Russia plans to launch the Yak 152 a light aircraft with trainer and combat roles to compete with the Embraer Super Tucano, Pilatus and Beechcraft planes.
Taking advantage of the growing market for light trainer aircraft which have been adapted to reconnaissance and combat roles such as the Super Tucano , the Pilatus PC-7 and PC-9, Russia’s Irkutsk Aviation Plant has announced plans to launch two samples of the light Yak-152 trainer in 2015.
Developed by the Yakovlev Design Bureau, a subsidiary of the Irkut Corporation, the new trainer is destined for primary pilot preparation. The "flying desk" will be tested in 2016, after which it will go into serial production, according to local media reports.
According to Ria Novosti, for initial training, the Yak-152 plans to use flight professionals from the air force academies.
"In the first years of training, students will learn to fly with instructors, they will learn how to execute a simple flight known as the 'pancake' and then land," a Russian Defense Ministry spokesman told RIR. "The training will show if the student is capable of continuing flying."
According to the spokesman, the Yak-152 will help future pilots carry out highly skilled maneuvers and obtain experience with nocturnal flights and flights in difficult meteorological conditions. That is why the new trainer will be supplied with state of the art navigation equipment, as well as the CKC-94M emergency escape system.
The Russian Defense Ministry says that not only future fighter and fighter-bomber pilots will train with the Yak-152, but also commanders, as well as co-pilots flying bombers, military transportation planes and even helicopters.
"After acquiring the initial skills flying the Yak-152, students will then move on to specialized trainers," explained the defense spokesman. "For example, students wishing to fly the Su-35, the T-50 and even the fighter-bomber Su-34 will first train with the Yak-130. Pilots flying the Tu-22M and Tu-160 bombers will first hone their skills on the specially modified passenger Tu-134UBL plane."

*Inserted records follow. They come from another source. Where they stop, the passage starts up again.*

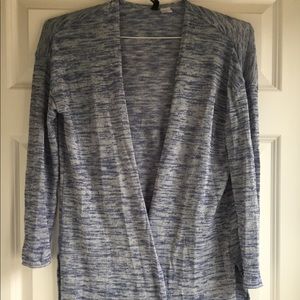 ⏰ Divided blue cardigan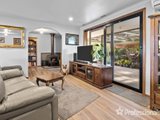 https://images.listonce.com.au/custom/160x/listings/9-batterbee-drive-mooroolbark-vic-3138/957/01525957_img_03.jpg?a1MU5r88HfY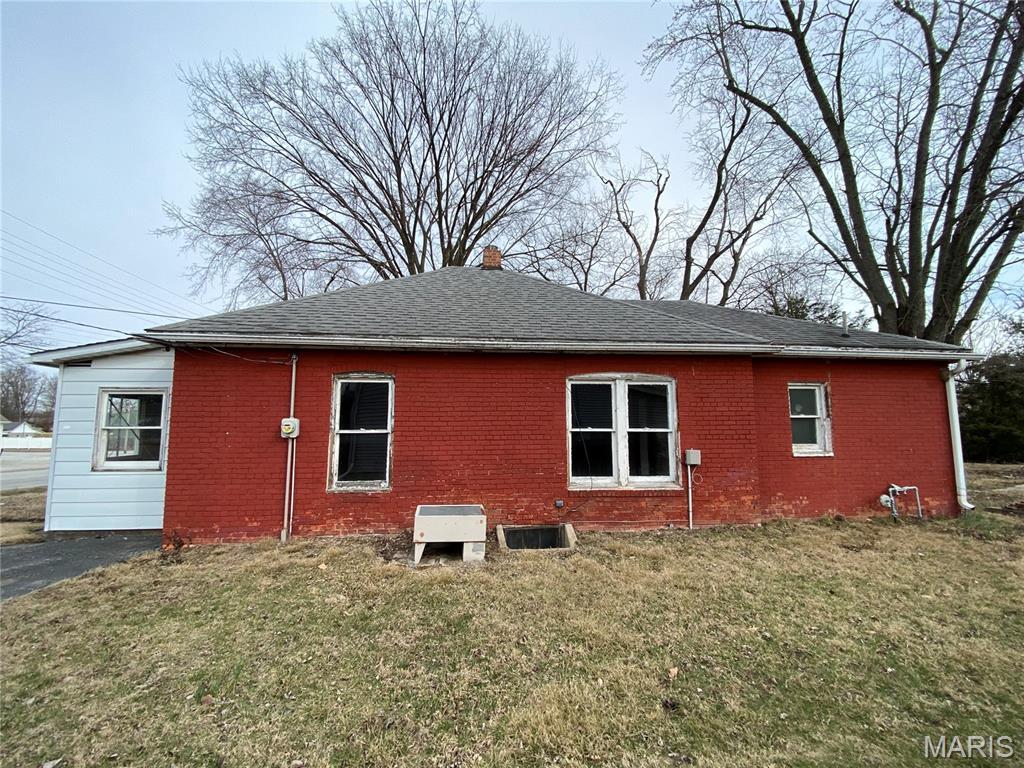 Homes for sale in Hillsboro, IL | 1312 School St, Hillsboro, IL 62049 | MLS# MIS26011525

The Yak-152, besides its primary task of training pilots, could also serve as a relatively inexpensive anti-insurgency attack plane, for which there is already a big demand, the report said.
Yakovlev's deputy general director of test flying, test pilot Roman Taskayev, told the ITAR-TASS news agency that "these planes should be built in great numbers and they should not be too expensive." It is the low price that must serve as the Yak-152's competitive edge on the foreign market.